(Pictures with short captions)

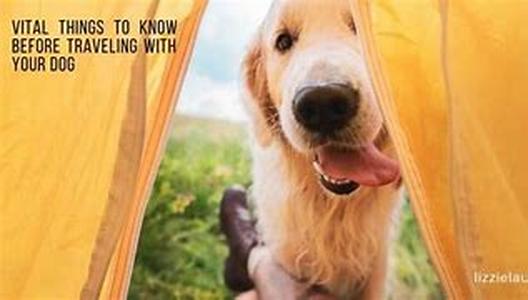 The Value Of The "Conditioned Response Principle" In Dog Training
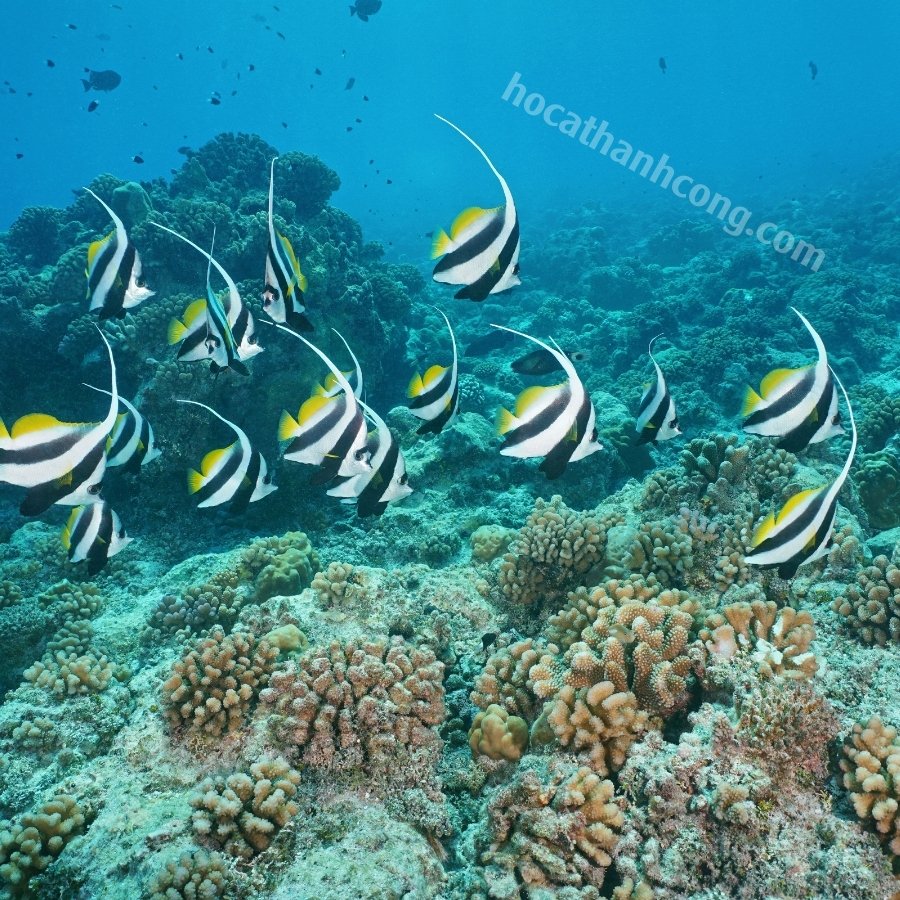 CÁ CHIM CỜ – HENIOCHUS ACUMINATUS (7)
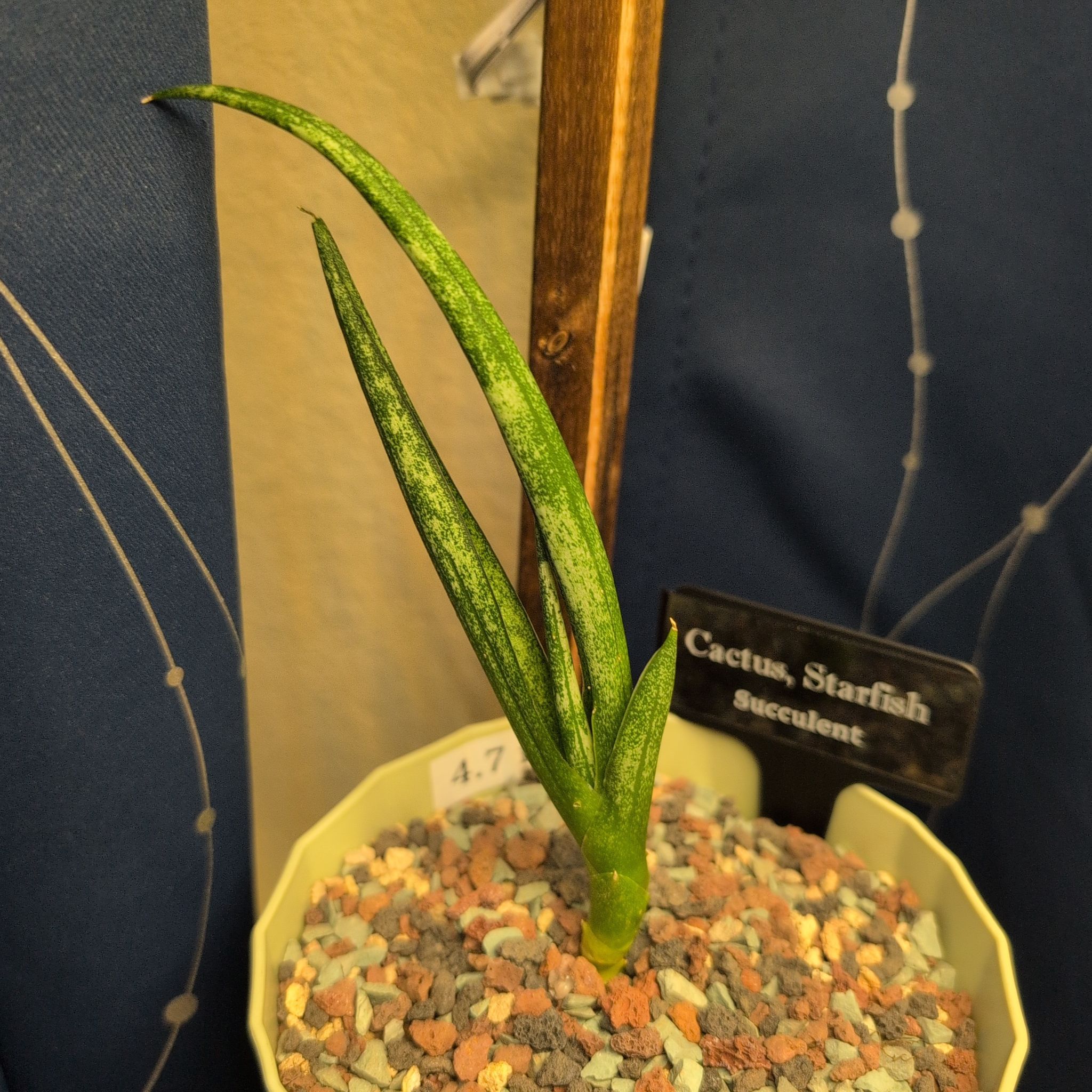 Photo of the plant species Starfish Cactus by @MariSass named Cactus Starfish on Greg, the plant care app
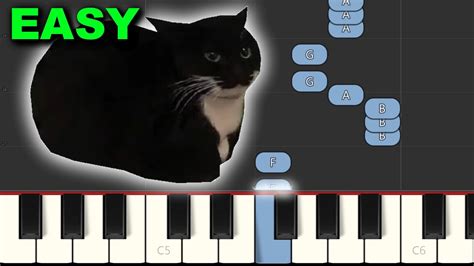 Maxwell The Spinning Cat Meme Song Chords - Chordify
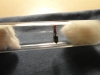 reina crematogaster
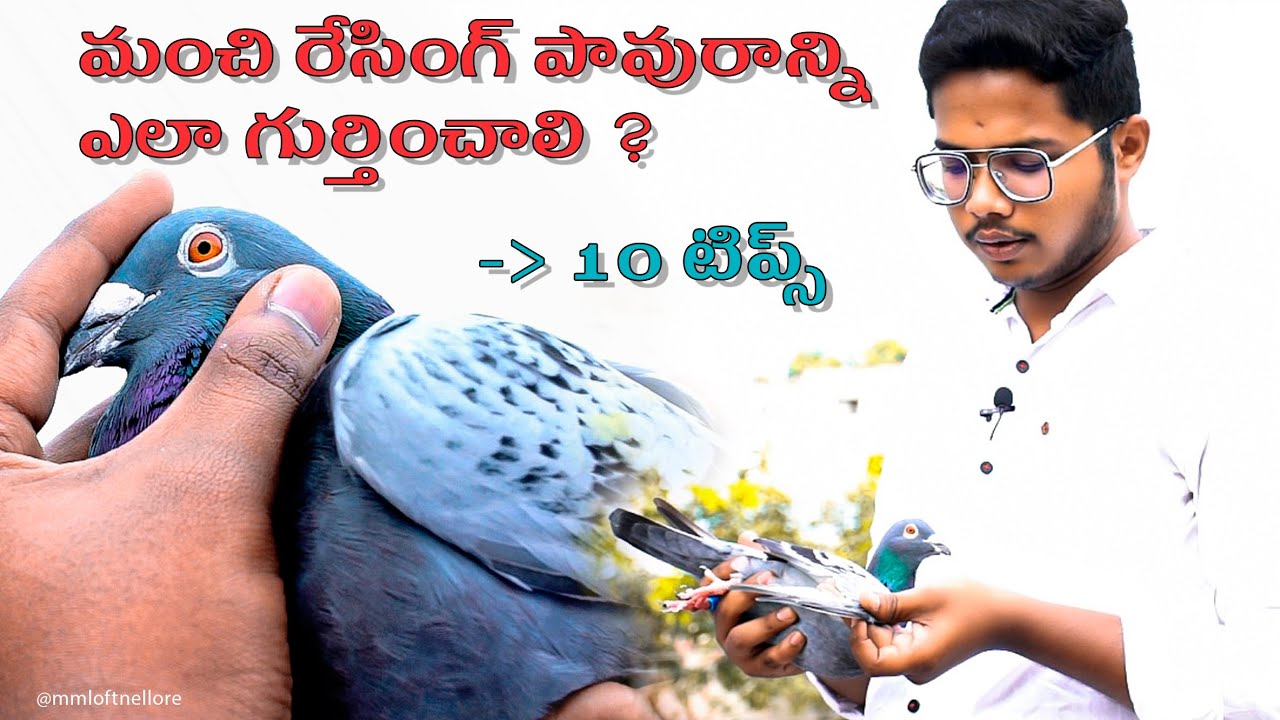 How to find a Good Racing Homer ? | 10-Tips | Pigeon Analysis
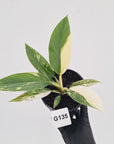 Philodendron imperial green variegata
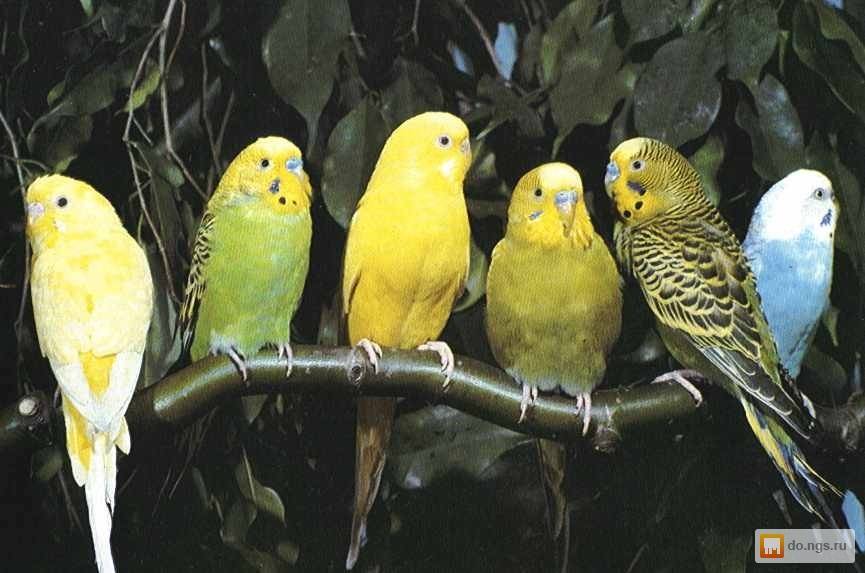 Где живут попугаи: места обитания в дикой природе, фото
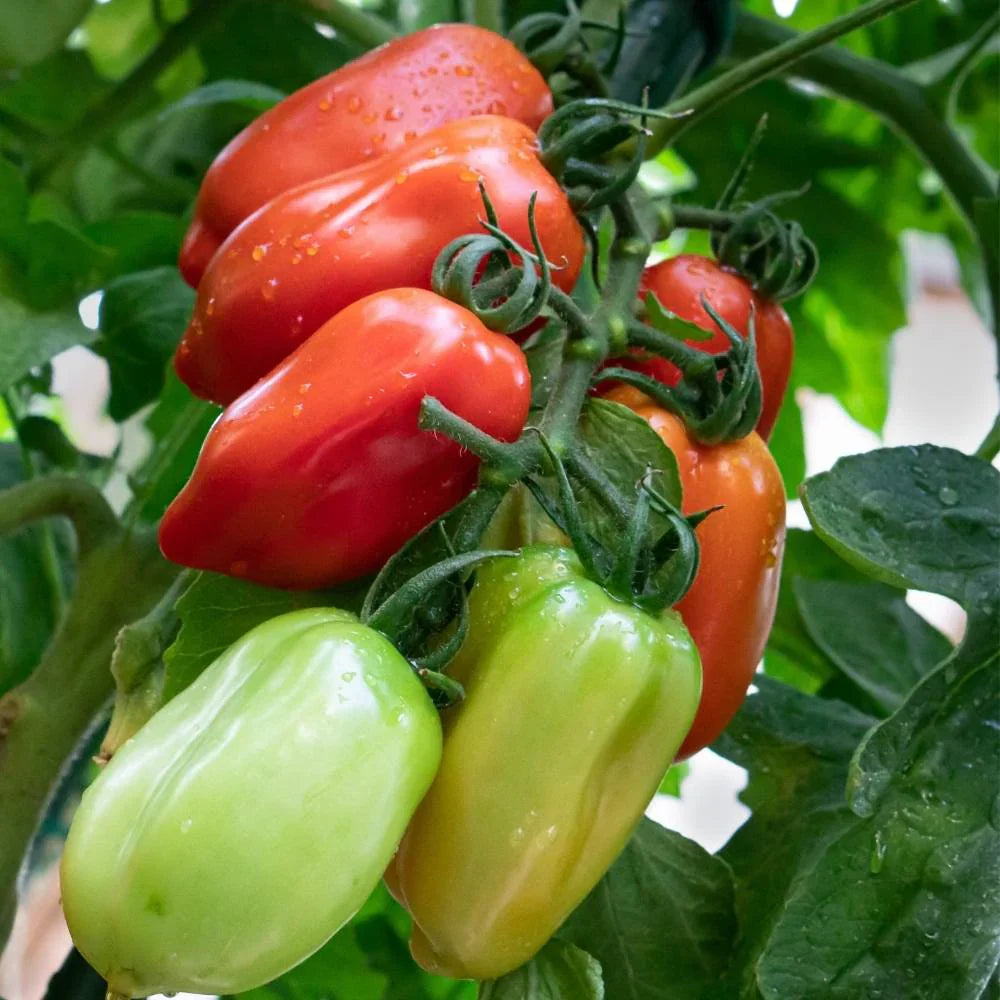 Red San Marzano plants growing on garden supports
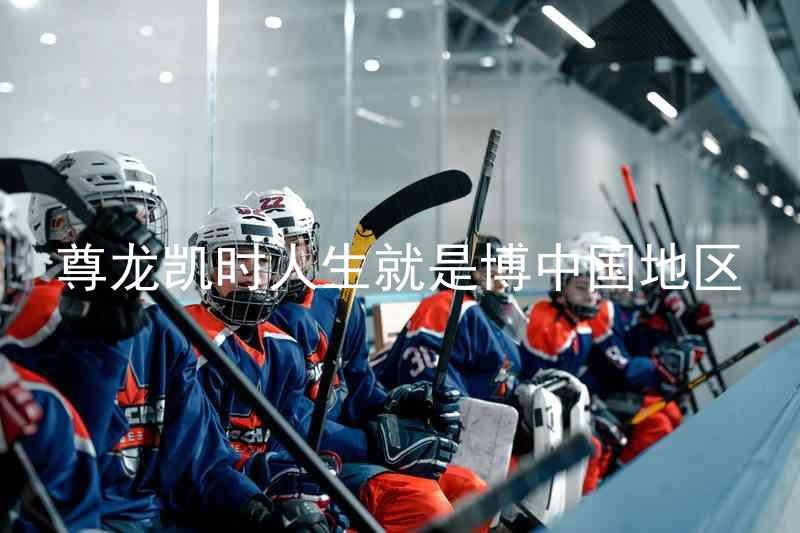 尊龙凯时人生就是博中国地区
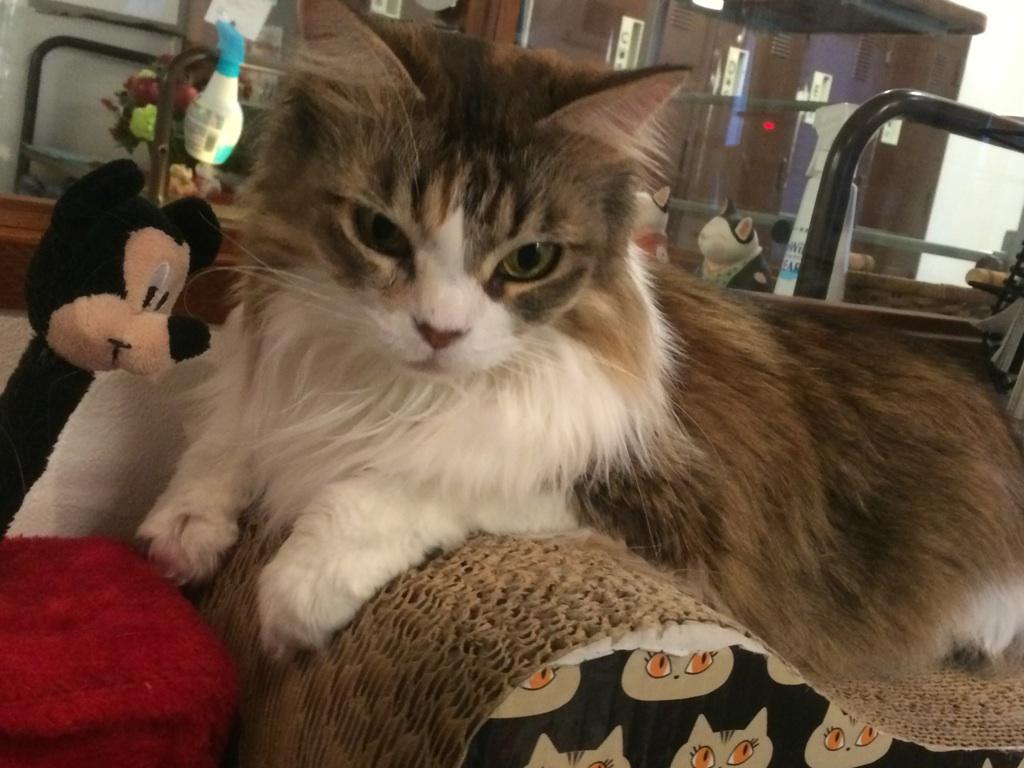 ぼちぼちつぶやいてます。ロードバイク・ミニベロでポタリングがメイン。いった先で写真撮ったりしてます。お芝居好き・舞台好き・若干声フェチ。また時々、繋がりなどなくどこかの舞台を観に行ったりもします。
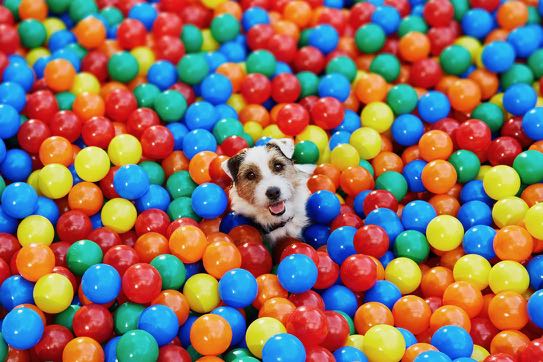 DOG+DEEPLINK+IMAGE.jpg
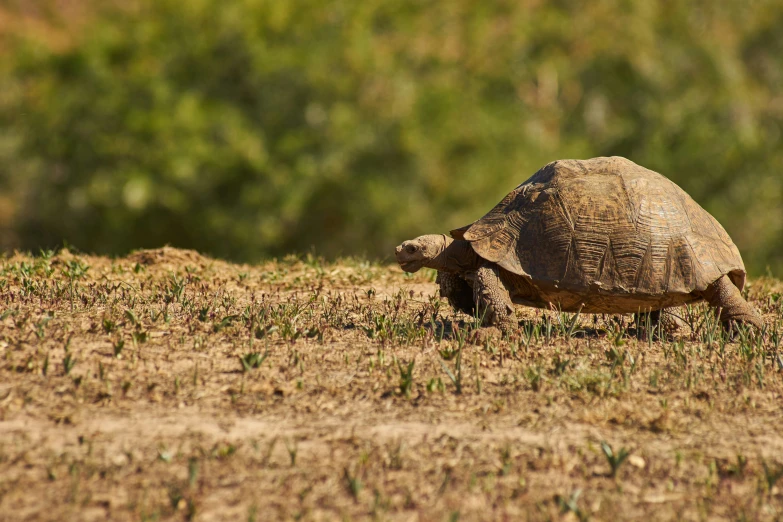 a turtle walking through the dirt on a sunny day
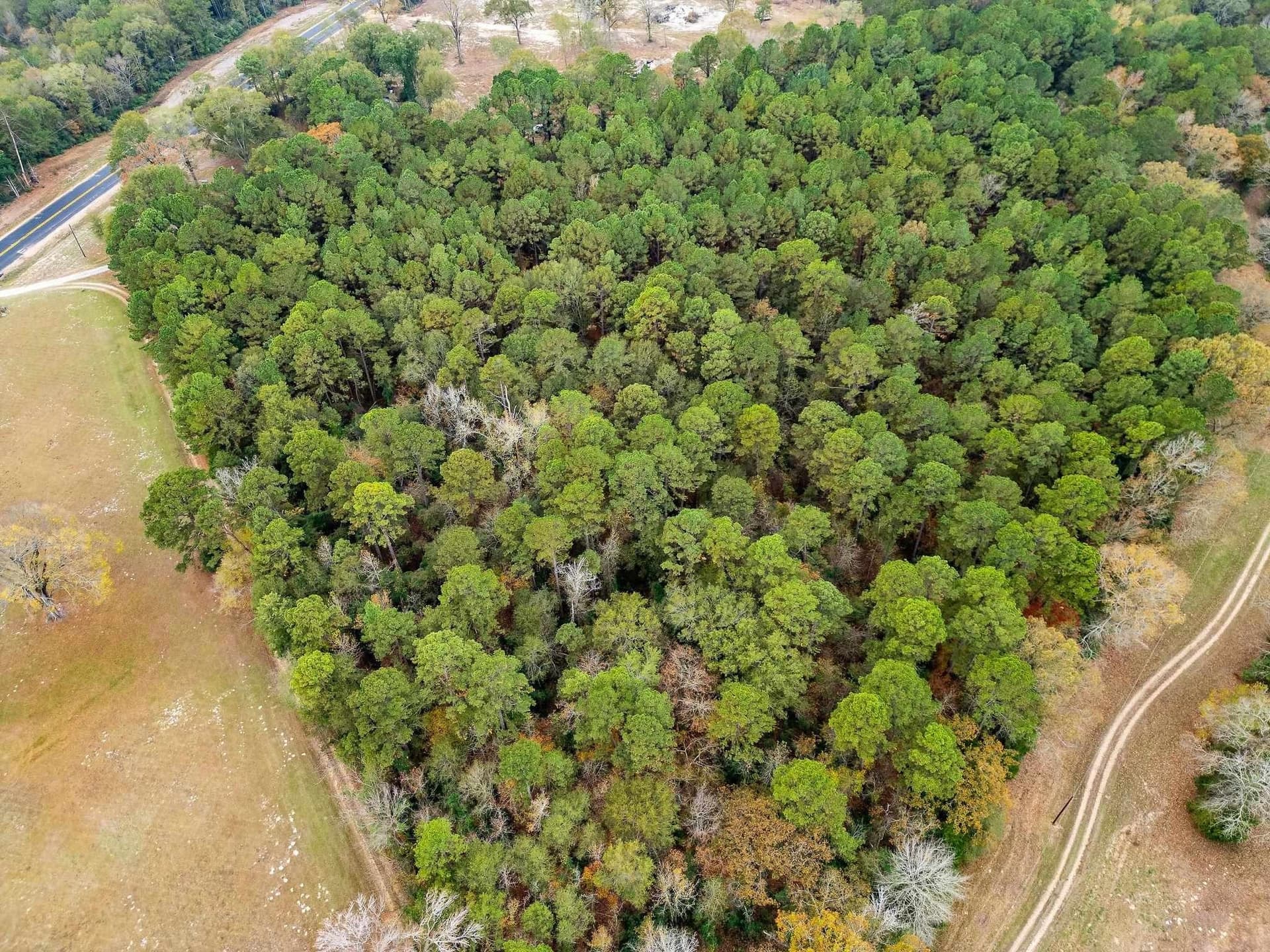 16.88 acres in Texas County gallery image 2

» Aim of the task: An exact copy of all the records, free of pictures, is the expected answer.

» Answer below:
 The Value Of The "Conditioned Response Principle" In Dog Training
 CÁ CHIM CỜ – HENIOCHUS ACUMINATUS (7)
 Photo of the plant species Starfish Cactus by @MariSass named Cactus Starfish on Greg, the plant care app
 Maxwell The Spinning Cat Meme Song Chords - Chordify
 reina crematogaster
 How to find a Good Racing Homer ? | 10-Tips | Pigeon Analysis
 Philodendron imperial green variegata
 Где живут попугаи: места обитания в дикой природе, фото
 Red San Marzano plants growing on garden supports
 尊龙凯时人生就是博中国地区
 ぼちぼちつぶやいてます。ロードバイク・ミニベロでポタリングがメイン。いった先で写真撮ったりしてます。お芝居好き・舞台好き・若干声フェチ。また時々、繋がりなどなくどこかの舞台を観に行ったりもします。
 DOG+DEEPLINK+IMAGE.jpg
 a turtle walking through the dirt on a sunny day
 16.88 acres in Texas County gallery image 2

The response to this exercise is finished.